That's a rather large patchset to backport to the xenial kernel, but I'll give it a try.

The problem is a bit complex.  The Xen hypervisor uses memory ballooning, to control how many memory pages the guest can use.  The kernel enumerates its e820 memory at boot, and since it's only 1G in this case, it all gets placed into the DMA32 zone.  Then later during boot when the Xen balloon driver is initialized, it dynamically adds the balloon memory.  The kernel always places hot-added memory into the Normal zone however, so the system winds up with the balloon memory, and only the balloon memory, in the Normal zone.  Since the balloon driver starts at, or very close to, its memory target, only a very small number of pages are made available, which results in a Normal memory zone that's tiny - only 9 managed pages on the instance I tested.  You can read the /proc/zoneinfo file to find the number of managed pages in the Normal zone.

Then when the system encounters memory pressure (i.e. very little free memory left), it wakes up the kswapd daemon to start freeing memory.  The kswapd daemon then tries to "balance" memory by "balancing" each zone - DMA, DMA32, and Normal zones.  However, it's essentially impossible for it to free pages from the Normal zone, because there are so few pages that whenever one is freed, the next page allocation takes it (because pages are usually allocated from the Normal zone first), and kswapd winds up in a continuous cycle of trying to free pages from the Normal zone forever.

This is also why disabling the udev memory hotadd (see comment 69) works around the problem - it prevents the Xen balloon driver from adding/enabling any of the pages in the Normal zone, so kswapd never has to bother trying to balance it, and thus there's no problem.

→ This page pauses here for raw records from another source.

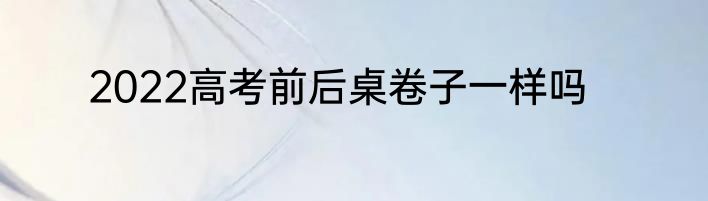 2022高考前后桌卷子一样吗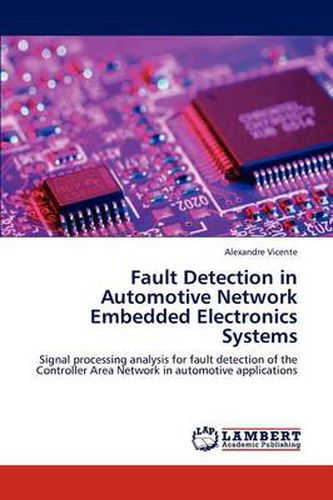 Cover image for Fault Detection in Automotive Network Embedded Electronics Systems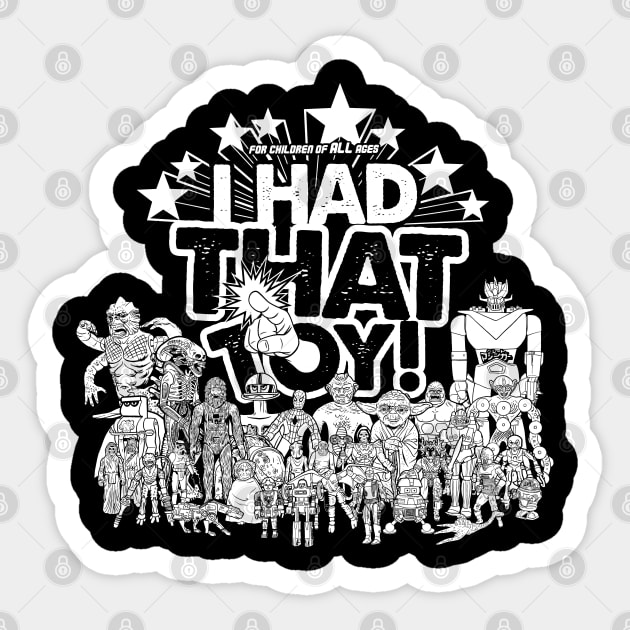 I Had That Toy - (B&W) Sticker by Chewbaccadoll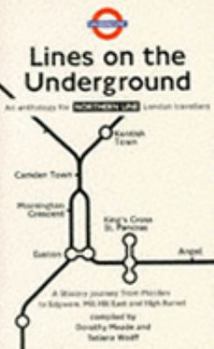 Paperback Northern Line: Northern Line: An Anthology for London Travellers (Lines on the Underground) Book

This appears to be fixed by Mel Gorman's 34-commit patch series that changes kswapd memory balancing to "per node" instead of "per zone":
https://marc.info/?l=linux-mm&m=146797052519026

That's a rather large patchset to backport to the xenial kernel, but I'll give it a try.

Changed in linux (Ubuntu):
assignee:	nobody → Dan Streetman (ddstreet)

Revision history for this message

Dan Streetman (ddstreet) wrote on 2016-10-01:

#127

The patch series that fixes this is included in yakkety (if anyone reproduces this on a yakkety kernel, please let me know), so this only needs fixing in xenial.

Revision history for this message

In Linux Kernel Bug Tracker #65201, ddstreet (ddstreet-linux-kernel-bugs) wrote on 2016-10-01:

#193

I detailed why this bug happens here:
https://bugs.launchpad.net/ubuntu/+source/linux/+bug/1518457/comments/126

this appears to be fixed by Mel Gorman's patch series to change memory reclaim from "per zone" to "per node":
https://marc.info/?l=linux-mm&m=146797052519026

So this bug should be fixed with the latest kernel.

Revision history for this message

Dan Streetman (ddstreet) wrote on 2016-10-02:

#128

On review of the patch series, it's simply too large and complex to backport for this situation; it makes, and depends on, a rather large amount of change to the mm subsystem, and there are easier and smaller ways to work around this bug in the xenial kernel.

Specifically, a comparison of the Xen balloon driver vs. the virtio balloon driver shows an important difference; while the Xen balloon driver hot-adds memory as soon as it initializes, the virtio driver does not hot-add memory; it only adjusts its size to adjust the amount of free memory. Most importantly, the Xen balloon driver initially hot-adds memory but does not make any (except a very small amount) available for system use.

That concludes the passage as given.